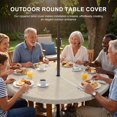thumbnail image 3 of Round Outdoor Tablecloth with Umbrella Hole and Zipper, Vintage Cream Tablecloth with Elastic Waterproof, Farmhouse Retro Beige Solid Color Patio Table Covers for 31" - 35" Picnic Pool Tables, 3 of 9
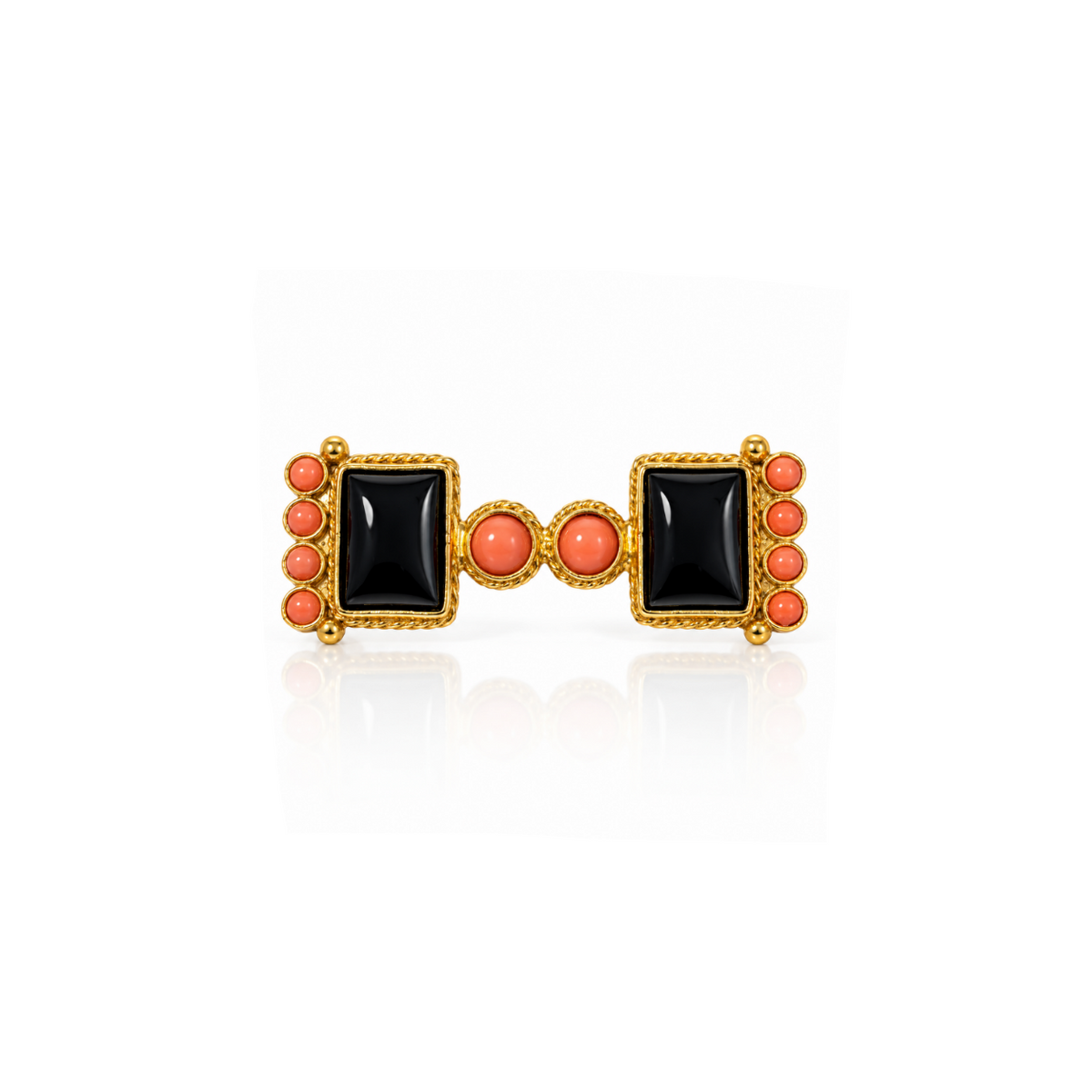 Broche Ginebra Negro y Coral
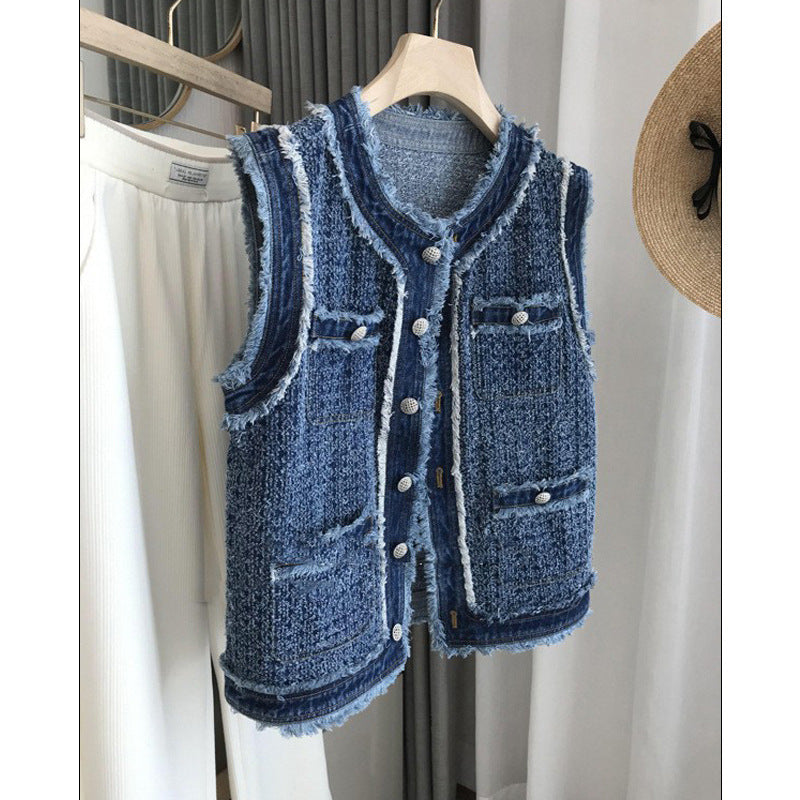 Fashion Hooked Flower Fleece Denim Vest Girl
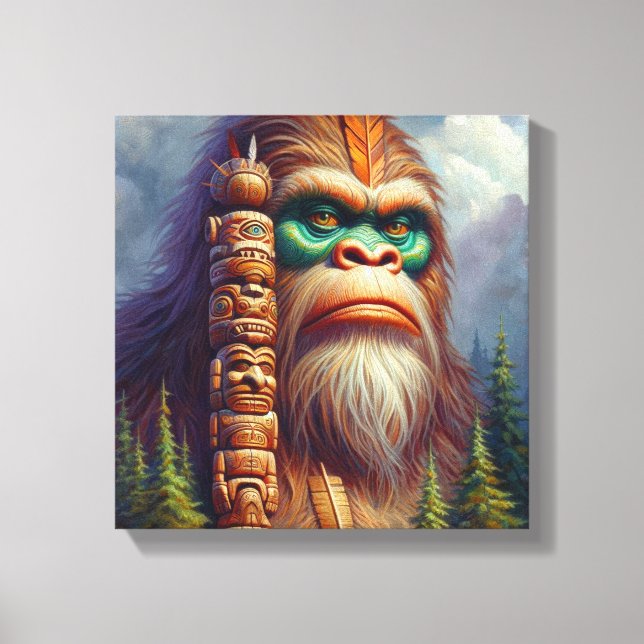 Bigfoot Native American Totem Canvas Print (Front)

--------------------------------------------------

[Required work]: Everything from the line holding "Fashion Hooked Flower Fleece Denim Vest Girl" through the last line of the listing should be written out exactly, except for the pictures.

[Written answer]:
 Fashion Hooked Flower Fleece Denim Vest Girl
 Bigfoot Native American Totem Canvas Print (Front)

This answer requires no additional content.